> [EXERCISE DESCRIPTION]: Leave every picture out, then reproduce the rest of the listing exactly.

--- DATA PROVIDED ---

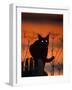 Black Domestic Cat, Silhoutte at Sunset with Eyes Reflecting Light-Jane Burton-Framed Photographic Print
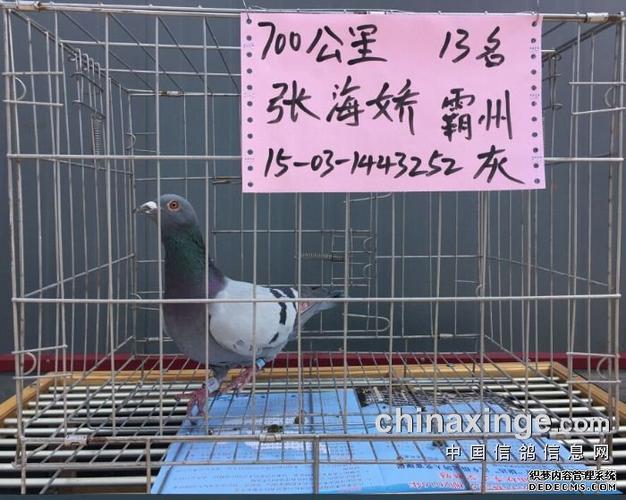 信达信鸽寄养棚700公里加强赛当日归成绩鸽靓照(共34羽)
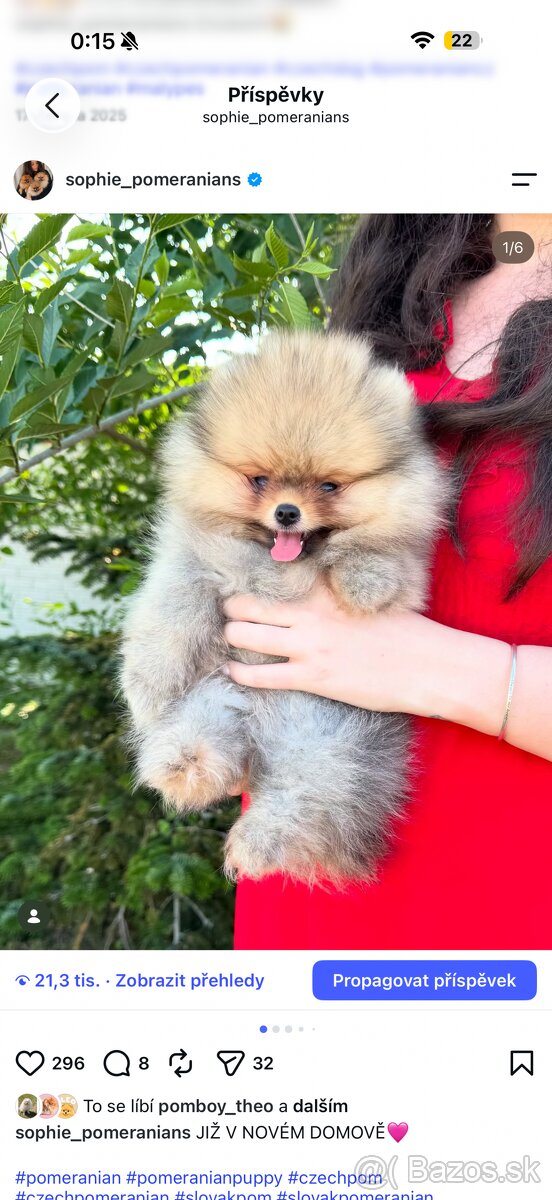 Pomeranian s PP - 9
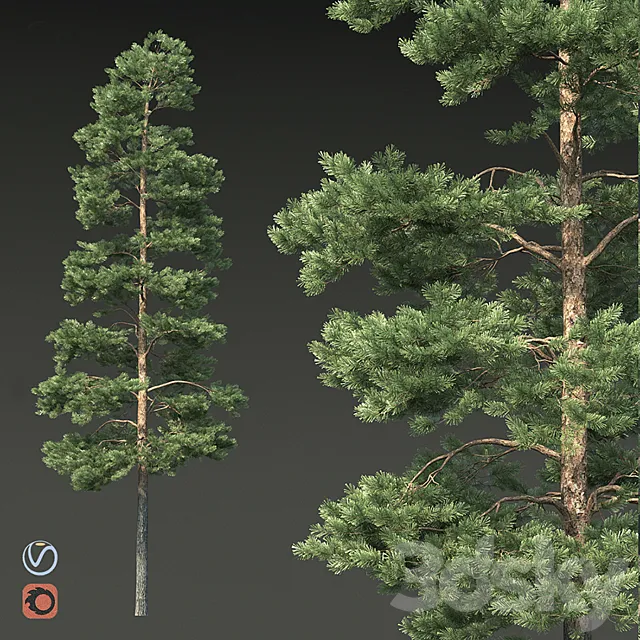 Pine 3D Model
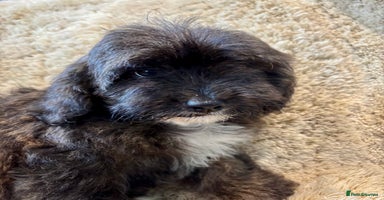Cavapoo dogs - Advert 10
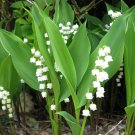 May Bells 5 Roots, Convallaria Majalis Lily of the Valley, May Lily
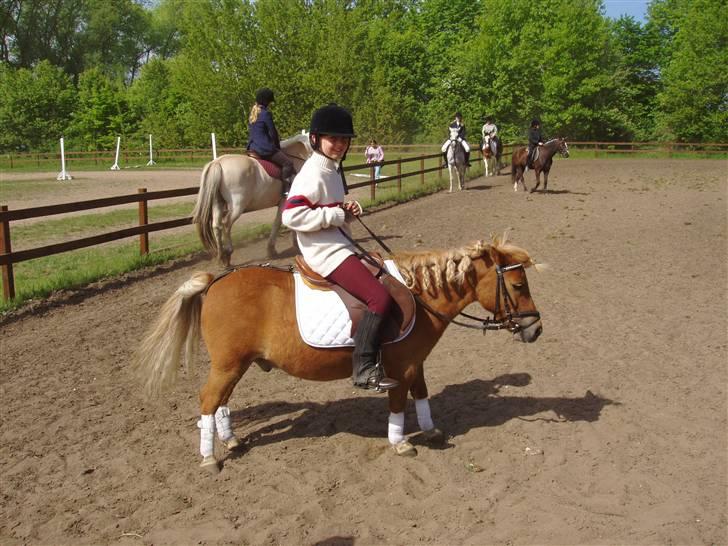 Shetlænder Basti (Gammel part) - Stævne :) billede 7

---

> [OUTPUT OF THE EXERCISE]:
 Black Domestic Cat, Silhoutte at Sunset with Eyes Reflecting Light-Jane Burton-Framed Photographic Print
 信达信鸽寄养棚700公里加强赛当日归成绩鸽靓照(共34羽)
 Pomeranian s PP - 9
 Pine 3D Model
Cavapoo dogs - Advert 10
 May Bells 5 Roots, Convallaria Majalis Lily of the Valley, May Lily
 Shetlænder Basti (Gammel part) - Stævne :) billede 7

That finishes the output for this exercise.